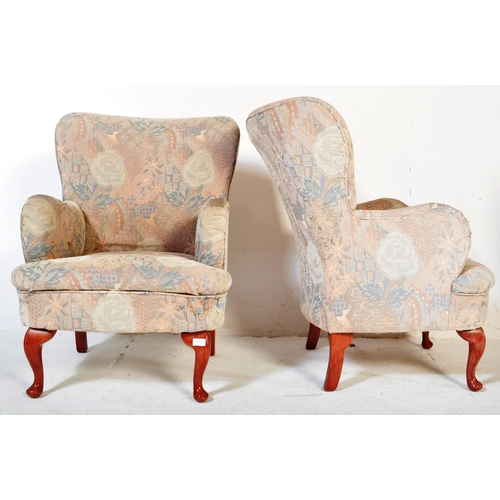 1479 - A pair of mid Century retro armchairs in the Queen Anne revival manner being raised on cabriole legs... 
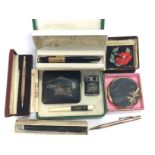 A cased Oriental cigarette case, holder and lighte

--

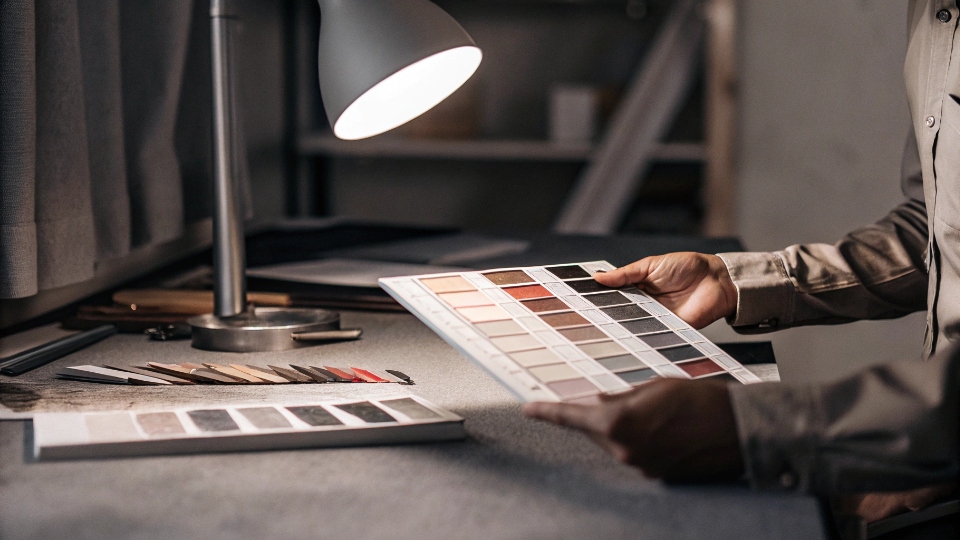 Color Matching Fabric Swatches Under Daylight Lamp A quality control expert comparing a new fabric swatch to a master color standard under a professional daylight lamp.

...

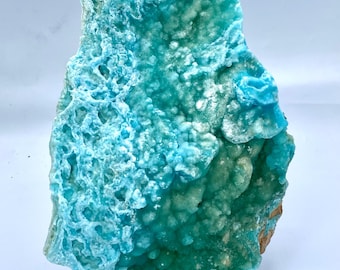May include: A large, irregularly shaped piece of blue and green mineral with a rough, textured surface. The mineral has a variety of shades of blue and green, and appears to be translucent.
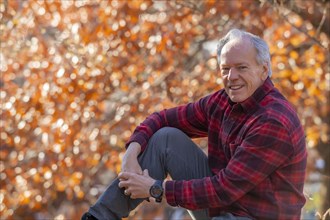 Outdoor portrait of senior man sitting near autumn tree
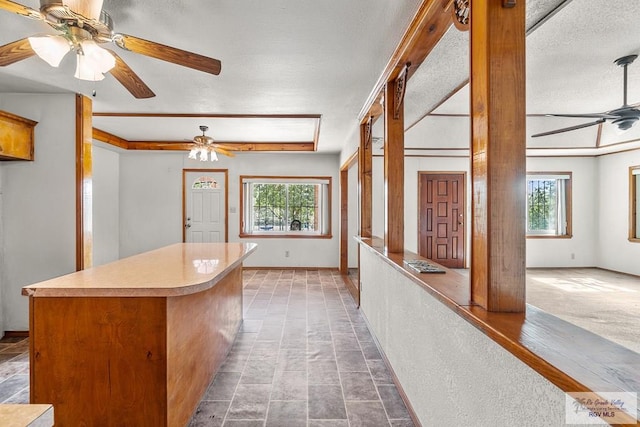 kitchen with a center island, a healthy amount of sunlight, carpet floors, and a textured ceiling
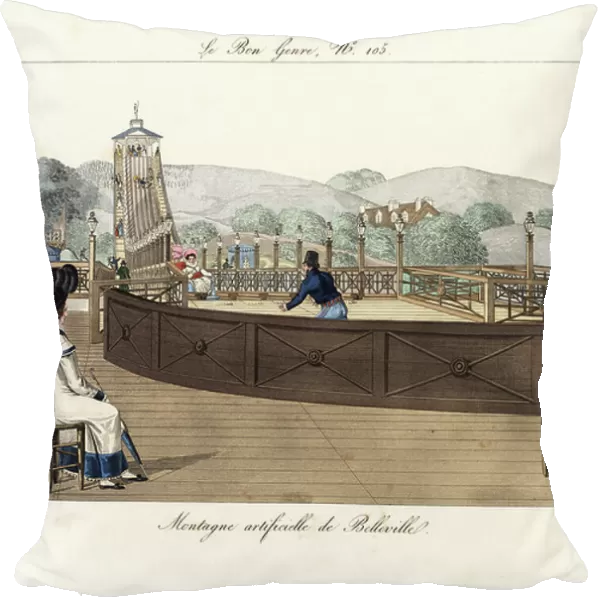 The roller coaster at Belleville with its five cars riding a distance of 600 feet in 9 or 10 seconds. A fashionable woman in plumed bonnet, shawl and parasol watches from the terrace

Your instructions:
What you write must match the listing exactly, from the line with "May include: A" up to and including the line with "kitchen with a". Pictures stay out.

Exercise response:
May include: A large, irregularly shaped piece of blue and green mineral with a rough, textured surface. The mineral has a variety of shades of blue and green, and appears to be translucent.
 Outdoor portrait of senior man sitting near autumn tree
 kitchen with a center island, a healthy amount of sunlight, carpet floors, and a textured ceiling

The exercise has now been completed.